**WORK REQUIRED**: While you copy the lines below, skip the pictures and keep the rest exact.

[Web page caption snippets]
= = = = = = =

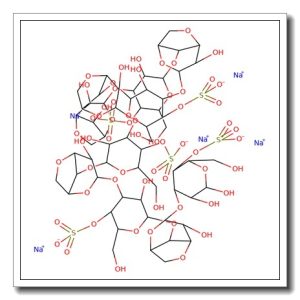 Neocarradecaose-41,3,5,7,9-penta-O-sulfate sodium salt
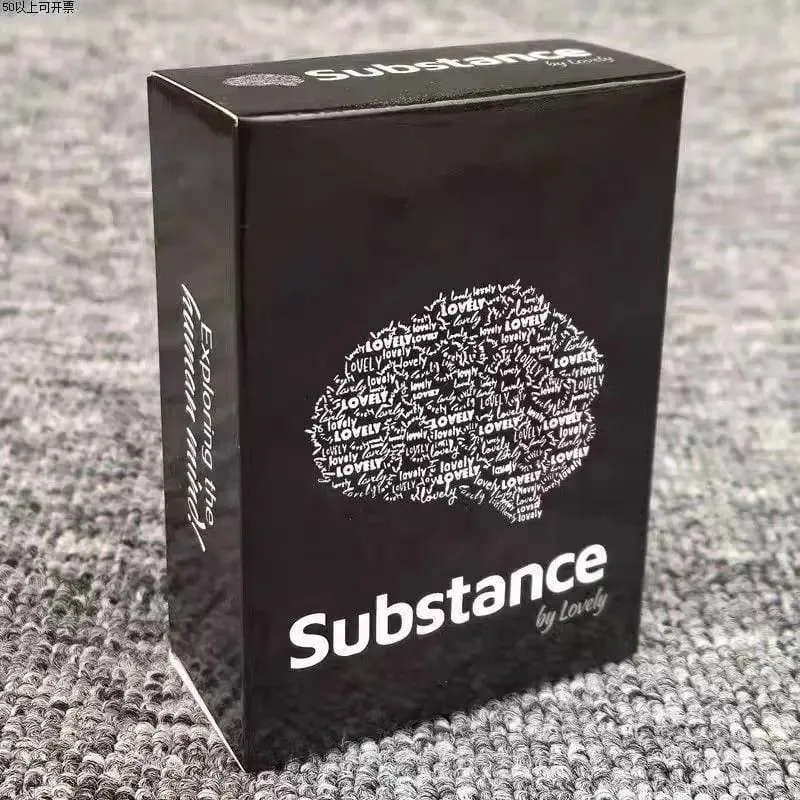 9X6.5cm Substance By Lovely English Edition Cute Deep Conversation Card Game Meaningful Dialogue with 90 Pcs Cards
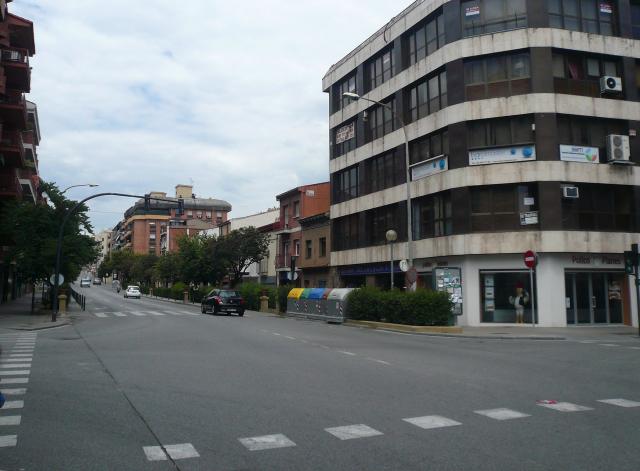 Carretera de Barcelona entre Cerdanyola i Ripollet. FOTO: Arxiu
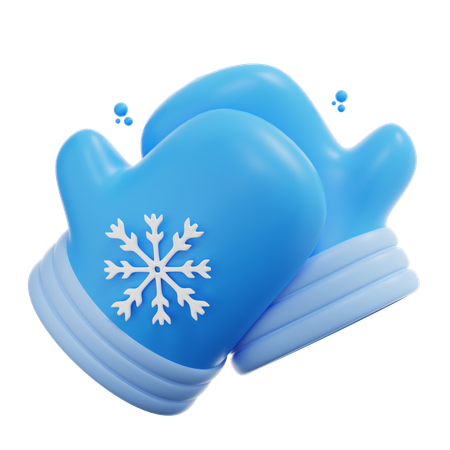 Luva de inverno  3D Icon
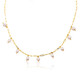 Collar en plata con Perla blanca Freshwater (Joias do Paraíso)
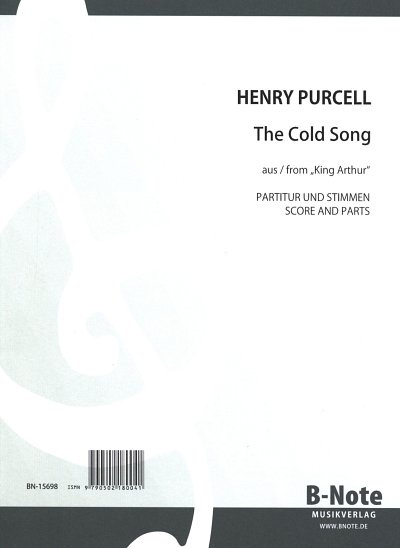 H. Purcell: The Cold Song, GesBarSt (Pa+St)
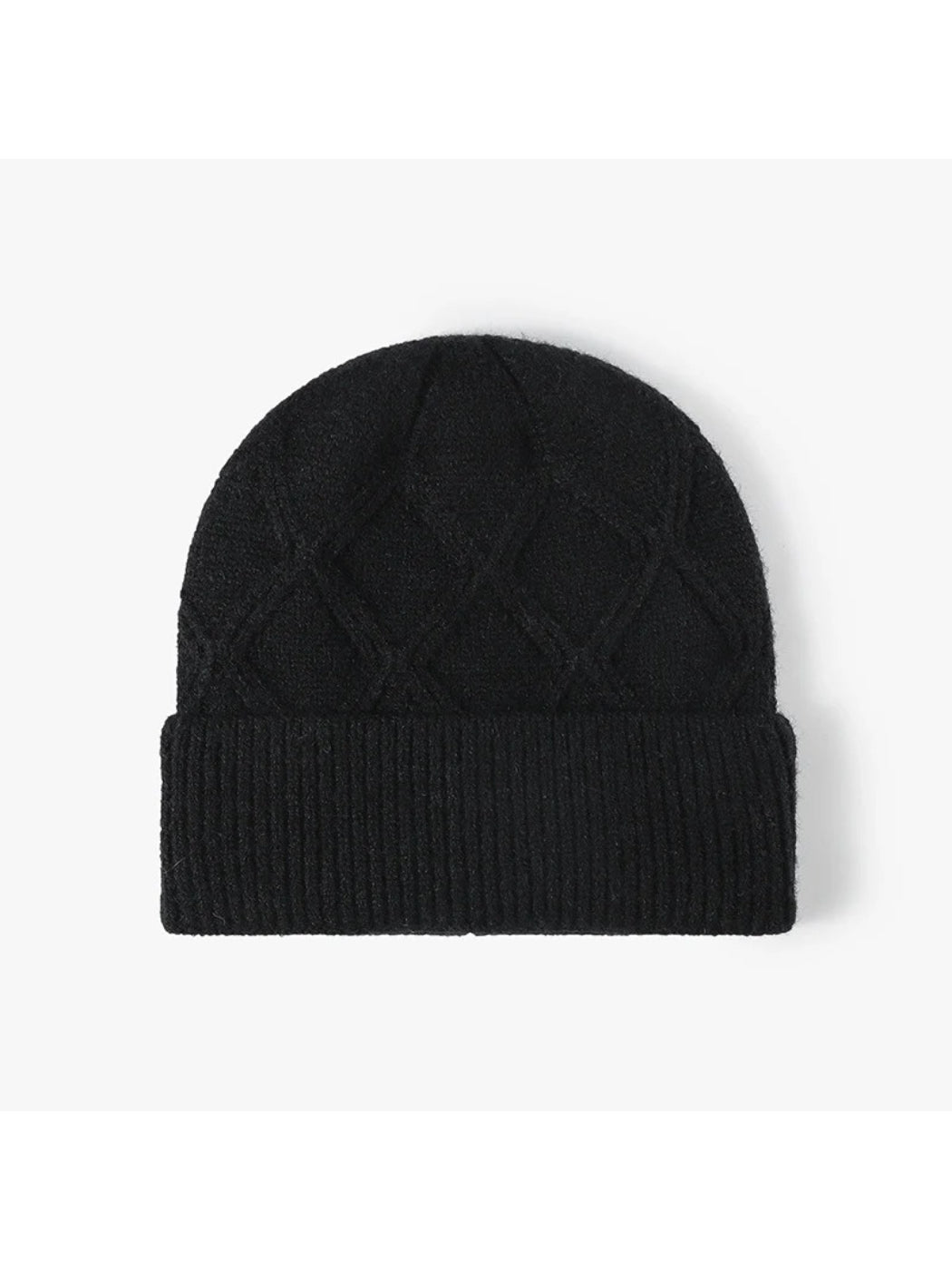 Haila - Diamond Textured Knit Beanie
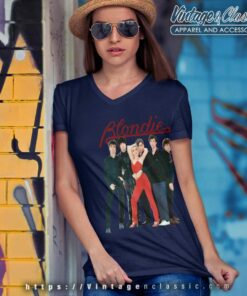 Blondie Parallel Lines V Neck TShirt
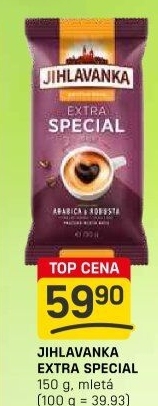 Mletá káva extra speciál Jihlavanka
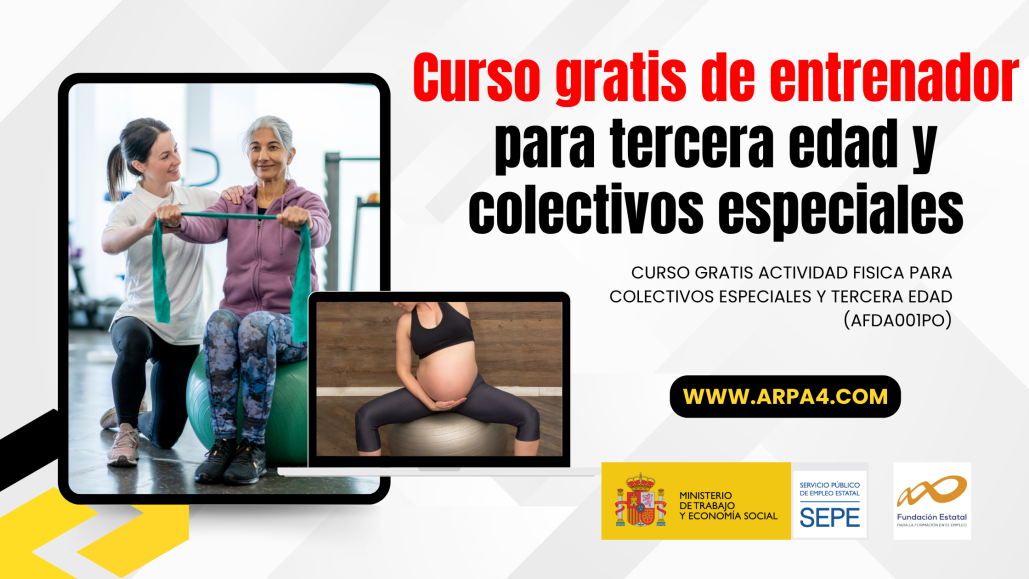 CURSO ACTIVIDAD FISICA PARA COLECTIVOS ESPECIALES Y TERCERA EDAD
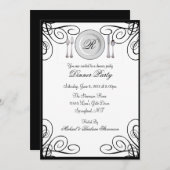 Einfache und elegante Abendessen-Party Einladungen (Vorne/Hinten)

= = = = = = =

**OUTPUT BELOW**:
 Neocarradecaose-41,3,5,7,9-penta-O-sulfate sodium salt
 9X6.5cm Substance By Lovely English Edition Cute Deep Conversation Card Game Meaningful Dialogue with 90 Pcs Cards
 Carretera de Barcelona entre Cerdanyola i Ripollet. FOTO: Arxiu
 Luva de inverno  3D Icon
 Collar en plata con Perla blanca Freshwater (Joias do Paraíso)
 H. Purcell: The Cold Song, GesBarSt (Pa+St)
 Haila - Diamond Textured Knit Beanie
 Blondie Parallel Lines V Neck TShirt
 Mletá káva extra speciál Jihlavanka
 CURSO ACTIVIDAD FISICA PARA COLECTIVOS ESPECIALES Y TERCERA EDAD
 Einfache und elegante Abendessen-Party Einladungen (Vorne/Hinten)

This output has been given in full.